Friday was a bad day for stocks, closing out a bad month for stocks, particularly for the NASDAQ. Peter called it the “tech wreck.”
Peter was warning about the impact of rising interest rates and inflation on tech stocks before the year began. On Friday, the NASDAQ dropped 4.4% in a single day. On the month, the index was down 7.3%. It was the worst month for the NASDAQ since November 2008.
The greatest recession since the Great Depression was just beginning and that’s the last time the NASDAQ had a month this bad.”
But it’s even worse than that. On the year, the NASDAQ is down 17%. It’s the worst first four months of any year since the creation of the NASDAQ in 1971.
So, we had a brutal bear market during the stagflationary decade of the 1970s, yet we just had a first four months of the year that was worse than any four months going back to 1971.”
The NASDAQ is down 23.4% from its high, officially deep in bear market territory, with all four of the FANG stocks dropping into bear market territory. Amazon had an awful day Friday after releasing disappointing earnings data. Peter said the problems for Amazon are just getting started.
Americans are broke. Amazon makes money selling products, of course, not just to Americans but all over the world. But consumers are broke. They’re spending too much money on food. They’re spending too much money on gas. Most people don’t buy their groceries and their gas on Amazon. They buy other things on Amazon, and they don’t have any money left over after they pay for food and energy, after they pay for their rent.”
Meanwhile, Netflix is down 73% from its peak. Facebook and Google are also down big. These are the stocks that everybody has been buying for the last several years.
Everybody was investing in the rear-view mirror instead of looking through the windshield at what lies ahead. And so, this is particularly significant for the reverse wealth effect as a lot of Americans watch their stock market wealth go up in smoke.”
Looking at the stock market more broadly, the S&P 500 was down 3.6% on Friday, leading to a weekly loss of 3.3%. And through the first four months of the year, the S&P 500 is down 13%. That is the worst four-month start to any year since 1939.
You have to go to the Great Depression to find a four-month period at the beginning of a year where the S&P 500 did as poorly as it just did.”
From its peak, the S&P 500 is down 14.3%.
And Peter reminds us that these numbers are not adjusted for inflation.

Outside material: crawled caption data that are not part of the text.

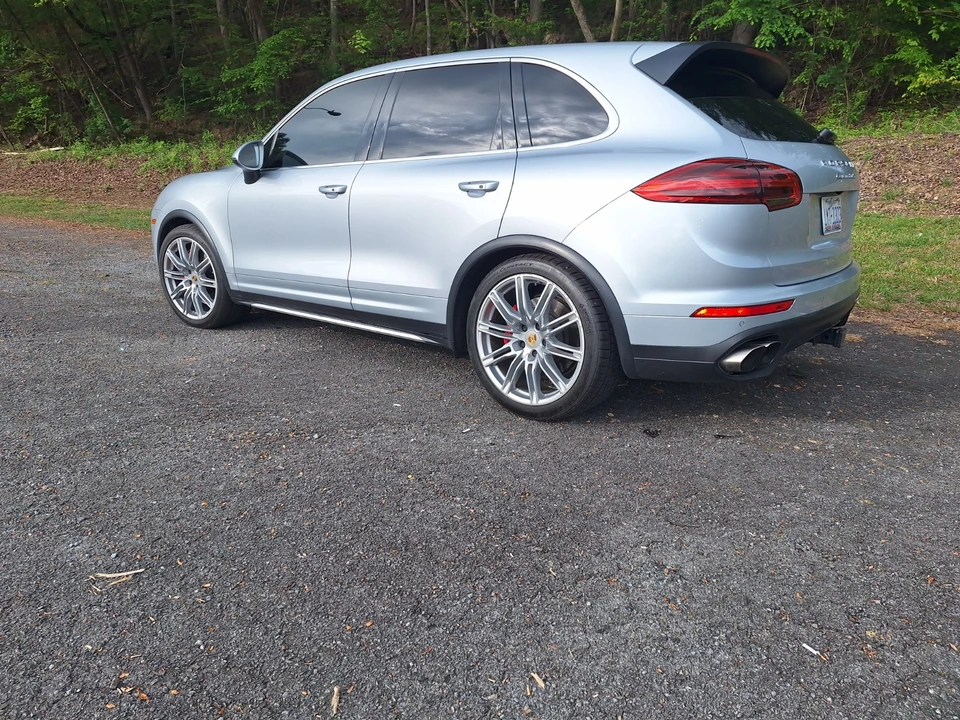 2015 Porsche 958 Cayenne Turbo - Image 5 of 24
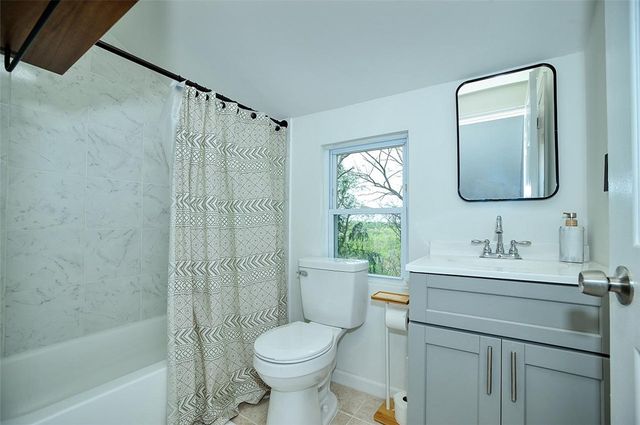 2131 Lindsay Road ROAD, Blackridge, PA 15221
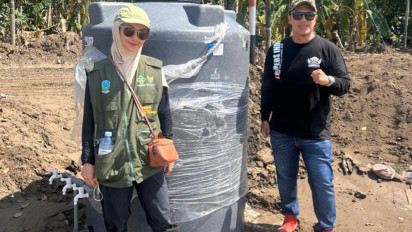 Penuhi Amanah Besar dari Donator, Seorang Pengusaha dan Nakes, Salurkan Tujuh Toren Air untuk Warga Pidie Jaya, Aceh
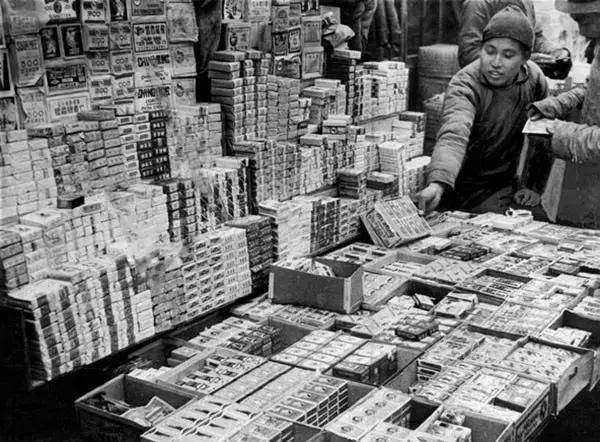 1945年,重庆,香烟摊.1946年,南方大饥荒中饥饿难耐的灾民.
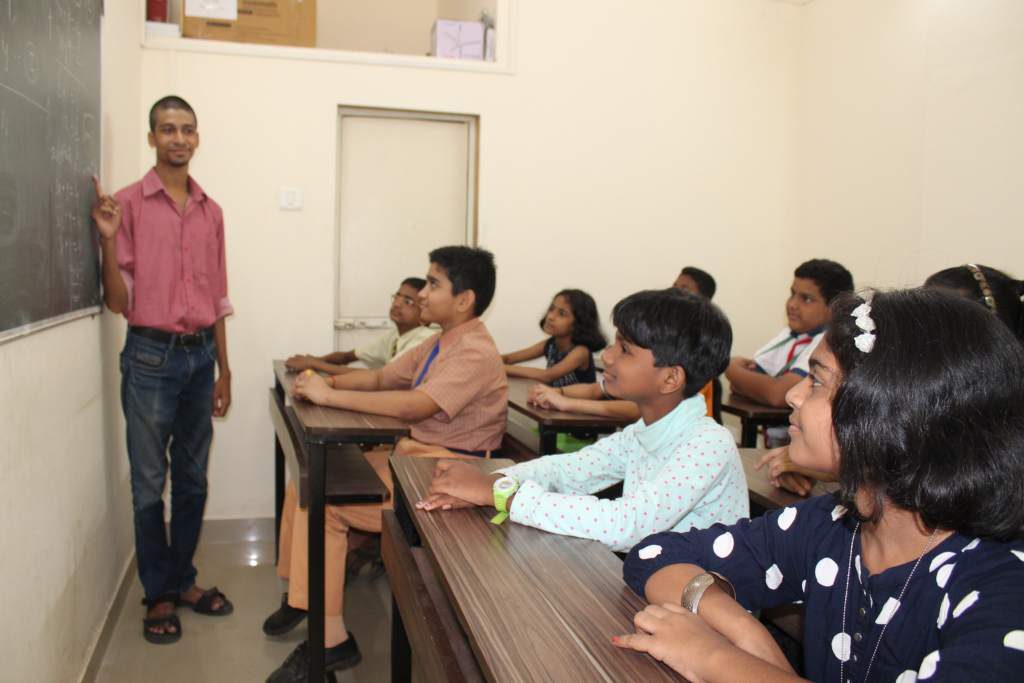 DS Classes classroom teaching session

The stock market is dropping, but prices are rising. So, in real terms, adjusted for the CPI, these losses are far greater than the nominal losses I am talking about right now.”
The Dow Jones dropped 939 points Friday, a 2.8% decline on the day. On the year, the Dow is down 9.2%, and it’s off 10.8% from its high – just in correction territory. The Dow is holding up better than the other index because it has more “value” dividend-paying stocks.
The Russell 2000 is down 11.5% on the year, but 24.2% from last year’s high.
This is significant because the Russell 2000 is more reflective of the domestic US economy. You don’t have a lot of big multi-national companies in the Russell 2000. So, if you’re looking for an indication of the strength of the US economy, and you’re looking at the stock market, the best index to look at is the Russell 2000, and that is the worst-performing index, which should cause a lot of people who have this rosy view of the US economy to question their assumptions.”
Last week, we got the initial GDP data for the first quarter. The projection was for an anemic 1% rise in GDP. Instead, GDP contracted by 1.4% annualized. That hardly screams “strong economy,” But the mainstream tried to spin it that way, claiming collapsing GDP is masking a solid recovery.
Talk about double-speak. That reached a new high, or a new low, depending on your perspective, of propaganda and Wall Street spin.”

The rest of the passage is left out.